# Importing the classifier pickle
NOTE: pickle must contain the trained __classifier__, not just the model.

In [None]:
import os
import math
import json
import pickle
import numpy as np
import statistics as stats

from sklearn import tree
from pandas import DataFrame
from matplotlib import pyplot as plt

# ------ Fill this in to specify which pickle should be opened ------
# --- NOTE: should include full path and filename but NO extension ---
file = "stored_models/trained_classifiers/dtc/dtc-head-16-cord_multilabel_gt_corrected.csv-2022-04-12-03.40.54"
# --------------------------------------------------------------

byte_count = int(file.split("/")[-1].split("-")[2])

classifier_path = f"{file}.pkl"
info_metrics_path = f"{file}-info-{byte_count}Bytes.json"

info_metrics = json.load(open(info_metrics_path))

# os.chdir('../XtractPredictor/')
classifier = pickle.load(open(classifier_path, "rb"))
# os.chdir('../xtract-research-notebooks/')

for key in info_metrics.keys():
    print(key)
    print(f'\t{info_metrics[key]}')

precision = info_metrics['Model precision']
recall = info_metrics['Model recall']
print(f'F1-Score\n\t{2*precision*recall/(precision+recall)}')

## Decision tree visualization
Acceptable classifiers:
- Decision tree classifier (dtc)
- Single-tree extra tree classifier (t_etc)

NOTE: If decision tree has too high of a maximum depth, this visualization will be illegible.

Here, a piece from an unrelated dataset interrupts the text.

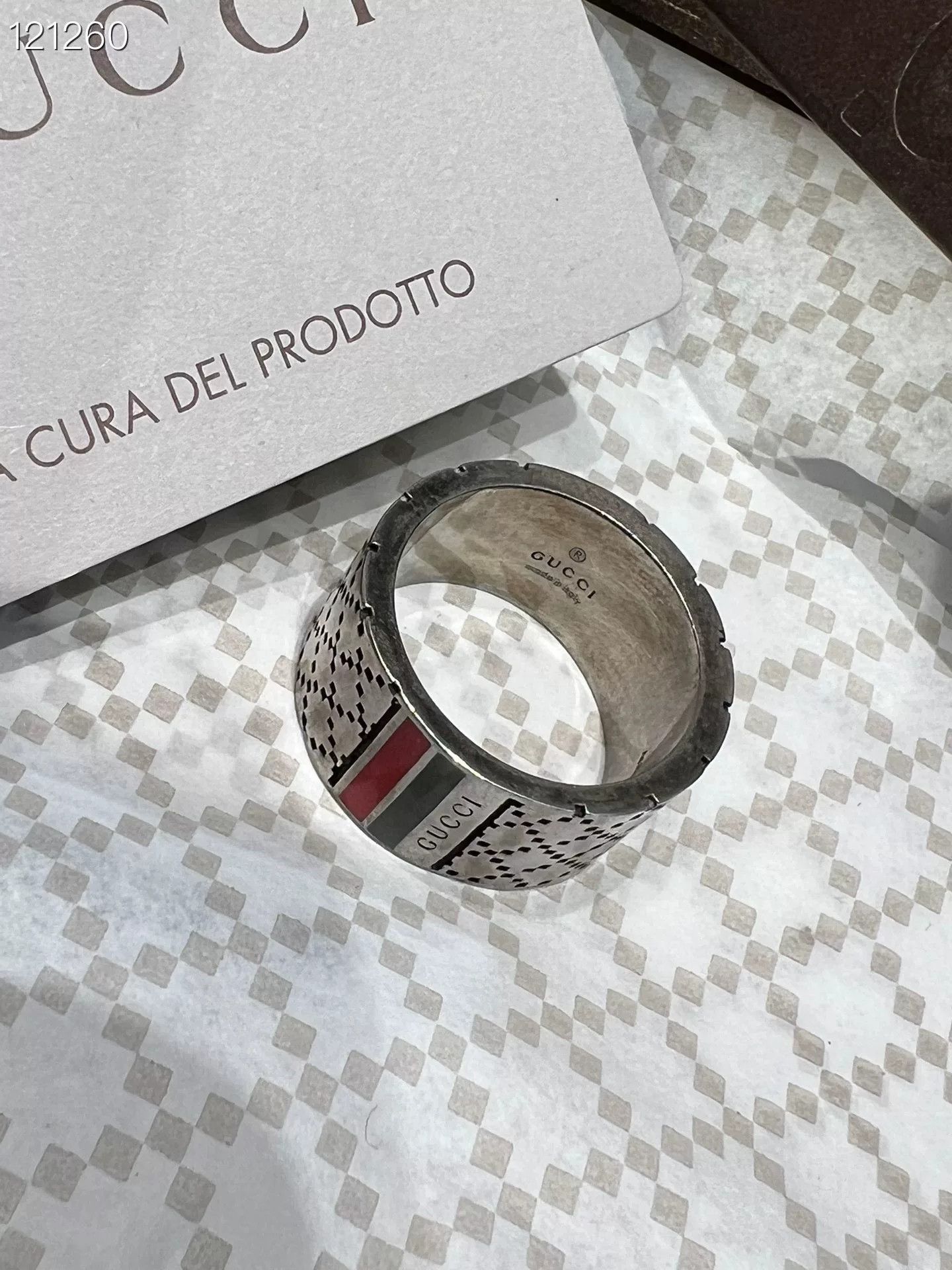Gucci Gucci 100596v515 925 Silver Wide Ring Size ONE SIZE - 4 Thumbnail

I recommend setting max_depth to 3.

In [None]:
fig = plt.figure(figsize=(25, 25))
_ = tree.plot_tree(classifier.model,
                   filled=True)
props = dict(boxstyle='round', facecolor='wheat', alpha=0.5)
label_legend = ""
for label in classifier.unique_labels:
    label_legend += (label + "\n")
fig.text(0.13, 0.7, label_legend[:-1], fontsize=25, bbox=props)

## HeadByte heatmap visualization
*Acceptable classifiers: any*

In [None]:
y_pred = classifier.model.predict(classifier.X_test)

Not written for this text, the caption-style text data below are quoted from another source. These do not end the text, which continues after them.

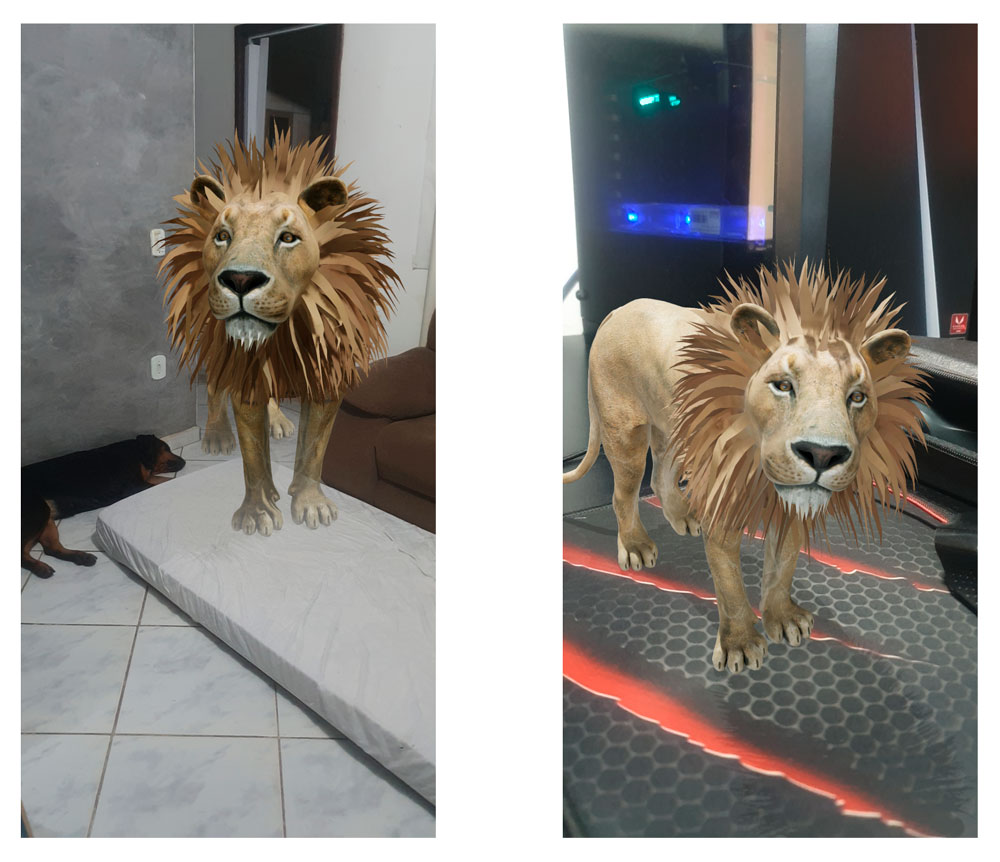 Veja como gravar vídeos com os animais 3D do Google 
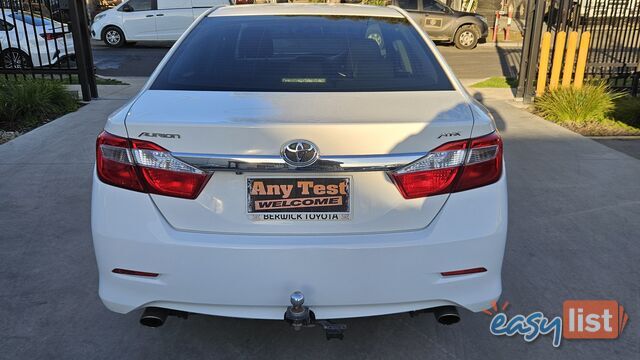 2013 Toyota Aurion GSV50R ATX Sedan Automatic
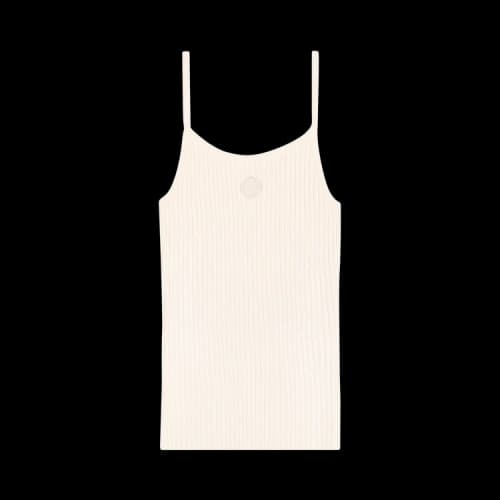 Sporty & Rich SRHWC Ribbed Tank 'Cream'
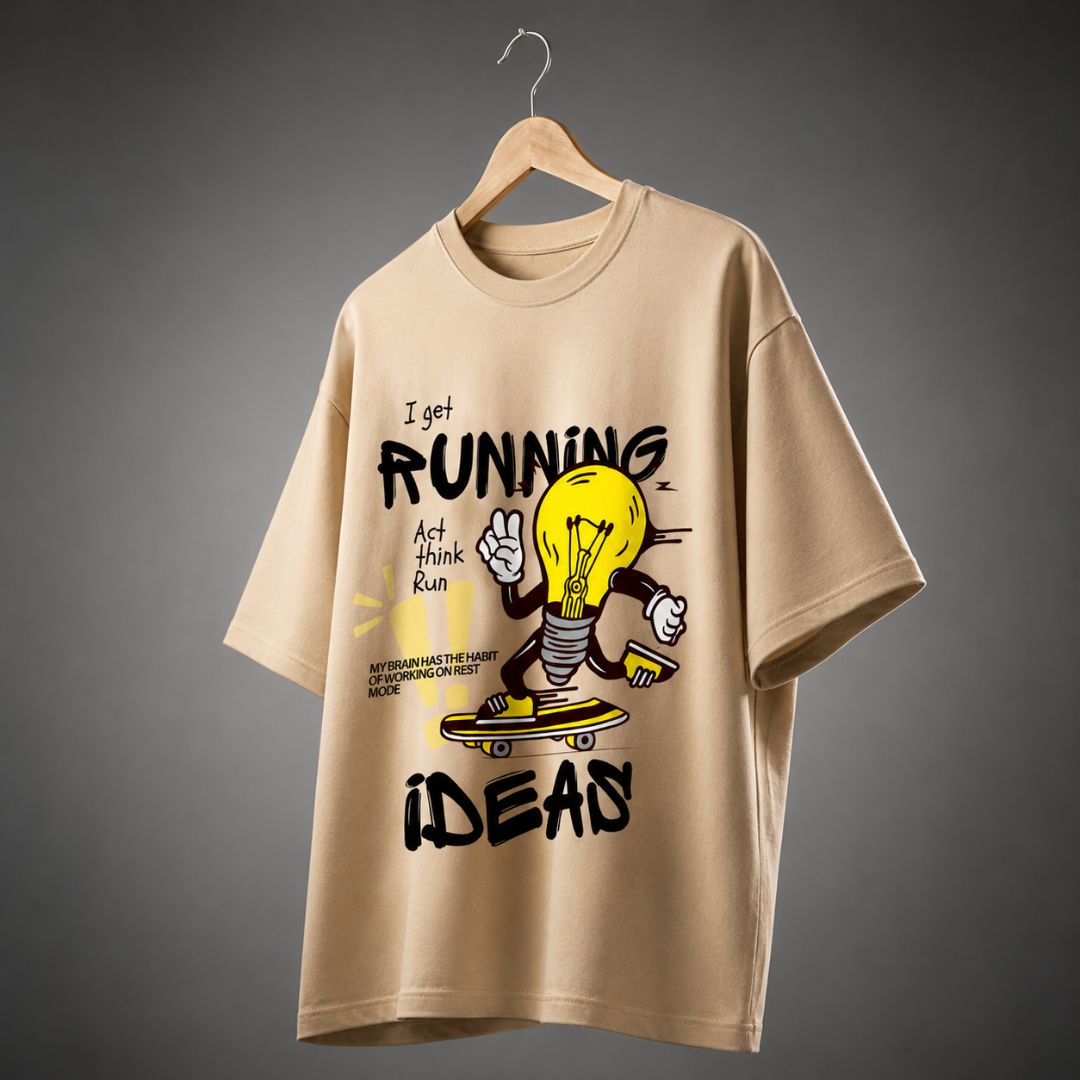 Funny Ideas Oversized Graphic Tee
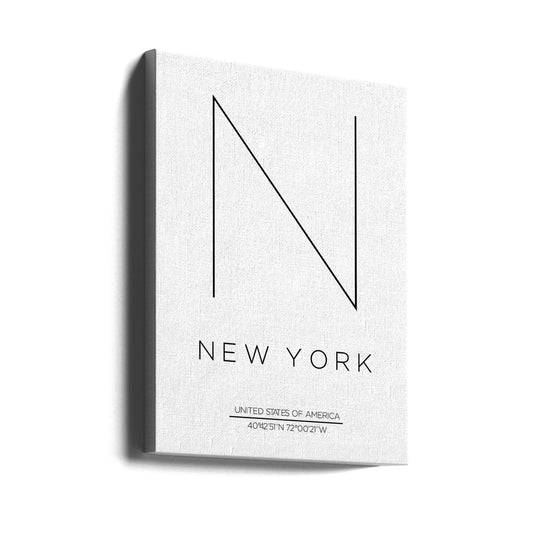 NEW YORK by THE MIUUS STUDIO — gallery-wrapped canvas angled view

# Building a dictionary of the predicted (multi)labels and their corresponding binary lists

unique_rows = np.unique(y_pred, axis=0)
unique_dict = {}
for unique_row in unique_rows:
    labels = []
    for pair in zip(unique_row, classifier.unique_labels):
        if pair[0]:
            labels.append(pair[1])
    if len(labels) == 0:
        labels.append("unknown")
    unique_dict[", ".join(labels)] = unique_row
    
# Building a dictionary of all the feature info for each predicted label

large_dict = {}
for key in unique_dict.keys():
    large_dict[key] = []

for i in range(len(classifier.X_test)):
    for key in unique_dict.keys():
        if np.all(y_pred[i]==unique_dict[key]):
            large_dict[key].append(classifier.X_test[i].tolist())
            break

sample_counts = "Predicted sample counts\n\n"
for key in large_dict.keys():
    sample_counts += key + " : " + str(len(large_dict[key])) + "\n"

print("The labels and their binarized lists:")
for key in unique_dict.keys():
    print(key)
    print(unique_dict[key])

### Average value heatmap

In [None]:
# Averaging the features for each bit

avgs = []
for key in large_dict.keys():
    lst = large_dict[key]
    lst = [list(x) for x in zip(*lst)]
    lst = [stats.mean(x) for x in lst]
    avgs.append(lst)
    
# UNCOMMENT to fill in empty labels in case you run on a limited range of samples

# for i in range(len(avgs)):
#     if (len(avgs[i])==0):
#         avgs[i] = [0.0] * byte_count

# Creating the plot

fig, ax1 = plt.subplots()

# Label y axis side with the class name

y1_axis_labels = large_dict.keys()
ax1.set_yticks(np.arange(len(y1_axis_labels)), labels=y1_axis_labels)

# Plot the heatmap set good x-axis ticks

fig.set_size_inches((2*byte_count)/10, 10.5) # UNCOMMENT FOR LARGER BYTECOUNTS
plt.imshow(np.array(avgs))
plt.xticks(ticks=[i for i in range(byte_count)], labels=[i+1 for i in range(byte_count)])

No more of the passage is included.